The required output is every entry, printed exactly as written.

----------------

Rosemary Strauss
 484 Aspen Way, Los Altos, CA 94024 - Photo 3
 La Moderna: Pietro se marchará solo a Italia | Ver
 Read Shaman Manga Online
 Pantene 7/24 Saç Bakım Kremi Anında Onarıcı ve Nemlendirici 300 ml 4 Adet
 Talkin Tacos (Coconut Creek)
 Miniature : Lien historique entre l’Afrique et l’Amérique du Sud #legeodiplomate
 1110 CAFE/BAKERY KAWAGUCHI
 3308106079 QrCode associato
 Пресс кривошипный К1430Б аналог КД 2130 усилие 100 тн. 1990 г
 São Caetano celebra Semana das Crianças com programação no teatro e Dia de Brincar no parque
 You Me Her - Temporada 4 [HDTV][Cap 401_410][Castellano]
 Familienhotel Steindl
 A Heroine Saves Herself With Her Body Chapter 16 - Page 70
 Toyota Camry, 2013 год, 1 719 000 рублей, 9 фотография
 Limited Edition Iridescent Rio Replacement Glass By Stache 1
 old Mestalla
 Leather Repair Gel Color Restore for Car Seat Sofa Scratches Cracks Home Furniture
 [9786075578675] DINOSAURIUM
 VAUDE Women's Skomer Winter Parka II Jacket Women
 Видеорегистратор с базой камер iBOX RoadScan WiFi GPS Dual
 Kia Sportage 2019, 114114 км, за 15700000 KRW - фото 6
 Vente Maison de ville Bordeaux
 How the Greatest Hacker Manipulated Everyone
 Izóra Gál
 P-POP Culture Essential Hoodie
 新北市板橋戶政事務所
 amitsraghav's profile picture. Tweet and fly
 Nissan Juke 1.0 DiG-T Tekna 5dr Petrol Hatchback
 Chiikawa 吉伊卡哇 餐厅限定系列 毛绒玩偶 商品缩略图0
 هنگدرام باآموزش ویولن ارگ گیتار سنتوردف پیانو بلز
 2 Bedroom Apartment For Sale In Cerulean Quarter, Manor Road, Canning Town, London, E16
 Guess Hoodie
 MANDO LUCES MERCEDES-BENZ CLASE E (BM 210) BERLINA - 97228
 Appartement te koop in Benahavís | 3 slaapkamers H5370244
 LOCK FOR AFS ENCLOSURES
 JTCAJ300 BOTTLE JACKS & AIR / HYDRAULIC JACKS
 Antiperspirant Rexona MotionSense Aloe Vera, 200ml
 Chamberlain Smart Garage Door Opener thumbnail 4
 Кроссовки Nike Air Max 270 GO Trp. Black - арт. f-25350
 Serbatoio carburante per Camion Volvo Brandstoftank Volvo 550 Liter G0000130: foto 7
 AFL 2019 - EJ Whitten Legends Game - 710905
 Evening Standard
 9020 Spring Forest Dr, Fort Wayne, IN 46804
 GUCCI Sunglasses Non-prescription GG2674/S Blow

----------------

ANSWER TO THIS EXERCISE:
Rosemary Strauss
 484 Aspen Way, Los Altos, CA 94024 - Photo 3
 La Moderna: Pietro se marchará solo a Italia | Ver
 Read Shaman Manga Online
 Pantene 7/24 Saç Bakım Kremi Anında Onarıcı ve Nemlendirici 300 ml 4 Adet
 Talkin Tacos (Coconut Creek)
 Miniature : Lien historique entre l’Afrique et l’Amérique du Sud #legeodiplomate
 1110 CAFE/BAKERY KAWAGUCHI
 3308106079 QrCode associato
 Пресс кривошипный К1430Б аналог КД 2130 усилие 100 тн. 1990 г
 São Caetano celebra Semana das Crianças com programação no teatro e Dia de Brincar no parque
 You Me Her - Temporada 4 [HDTV][Cap 401_410][Castellano]
 Familienhotel Steindl
 A Heroine Saves Herself With Her Body Chapter 16 - Page 70
 Toyota Camry, 2013 год, 1 719 000 рублей, 9 фотография
 Limited Edition Iridescent Rio Replacement Glass By Stache 1
 old Mestalla
 Leather Repair Gel Color Restore for Car Seat Sofa Scratches Cracks Home Furniture
 [9786075578675] DINOSAURIUM
 VAUDE Women's Skomer Winter Parka II Jacket Women
 Видеорегистратор с базой камер iBOX RoadScan WiFi GPS Dual
 Kia Sportage 2019, 114114 км, за 15700000 KRW - фото 6
 Vente Maison de ville Bordeaux
 How the Greatest Hacker Manipulated Everyone
 Izóra Gál
 P-POP Culture Essential Hoodie
 新北市板橋戶政事務所
 amitsraghav's profile picture. Tweet and fly
 Nissan Juke 1.0 DiG-T Tekna 5dr Petrol Hatchback
 Chiikawa 吉伊卡哇 餐厅限定系列 毛绒玩偶 商品缩略图0
 هنگدرام باآموزش ویولن ارگ گیتار سنتوردف پیانو بلز
 2 Bedroom Apartment For Sale In Cerulean Quarter, Manor Road, Canning Town, London, E16
 Guess Hoodie
 MANDO LUCES MERCEDES-BENZ CLASE E (BM 210) BERLINA - 97228
 Appartement te koop in Benahavís | 3 slaapkamers H5370244
 LOCK FOR AFS ENCLOSURES
 JTCAJ300 BOTTLE JACKS & AIR / HYDRAULIC JACKS
 Antiperspirant Rexona MotionSense Aloe Vera, 200ml
 Chamberlain Smart Garage Door Opener thumbnail 4
 Кроссовки Nike Air Max 270 GO Trp. Black - арт. f-25350
 Serbatoio carburante per Camion Volvo Brandstoftank Volvo 550 Liter G0000130: foto 7
 AFL 2019 - EJ Whitten Legends Game - 710905
 Evening Standard
 9020 Spring Forest Dr, Fort Wayne, IN 46804
 GUCCI Sunglasses Non-prescription GG2674/S Blow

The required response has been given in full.